A 40% melt-formable semi-crystalline (co) polymer (ECTFE) pellet and ethylene tetrafluoroethylene (ETFE) (co) polymer (6235 available from 3M Dinion) used as a nucleating agent for ECTFE It was introduced into the hopper of a rotary twin screw extruder (screw speed 225 RPM). Dibutyl sebacate was injected into the extruder and melt mixed with the ECTFE base (co) polymer and ETFE nucleating agent (co) polymer to form a homogeneous solution. The weight ratio of ECTFE (co) polymer / dibutyl sebacate diluent / ETFE nucleating agent (co) polymer was 66.50 / 33.0 / 0.50, respectively. The total extrusion rate was about 15.9 kilograms per hour (kg / hr). The extruder had 8 zones, the temperature profile of which was set at 260 ° C. in the mixing zone, and the temperature was reduced to 224 ° C. at the extruder exit / sheet push die. The die had an orifice of 25.4 cm × 0.05 cm.

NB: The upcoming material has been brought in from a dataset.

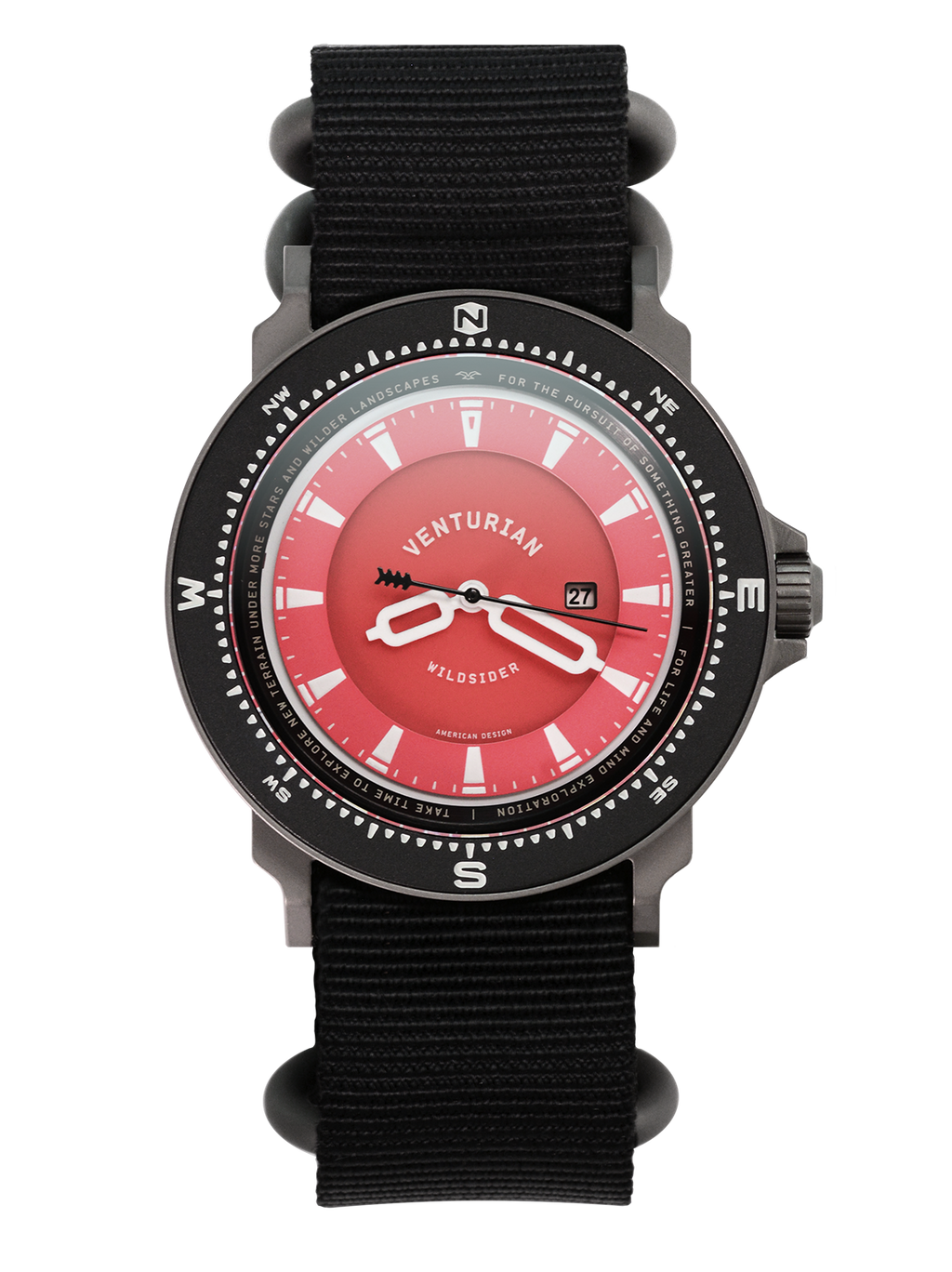 The Venturian Wildsider 38MM Solar Titanium compass tool watch in Red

  The molten solution was cast on a patterned casting wheel maintained at 6.1 meters / minute (m / minute) at 49 ° C. The cast film was fed into the solvent wash process. In this process, mineral oil was removed using 3M Novec 71DE solvent. The film was then dried at 77 ° C. to evaporate the solvent. After drying, the film was stretched 4.0: 1 in the machine direction (MD) at 160 ° C. and 1.75: 1 in the cross direction (TD) at 160 ° C.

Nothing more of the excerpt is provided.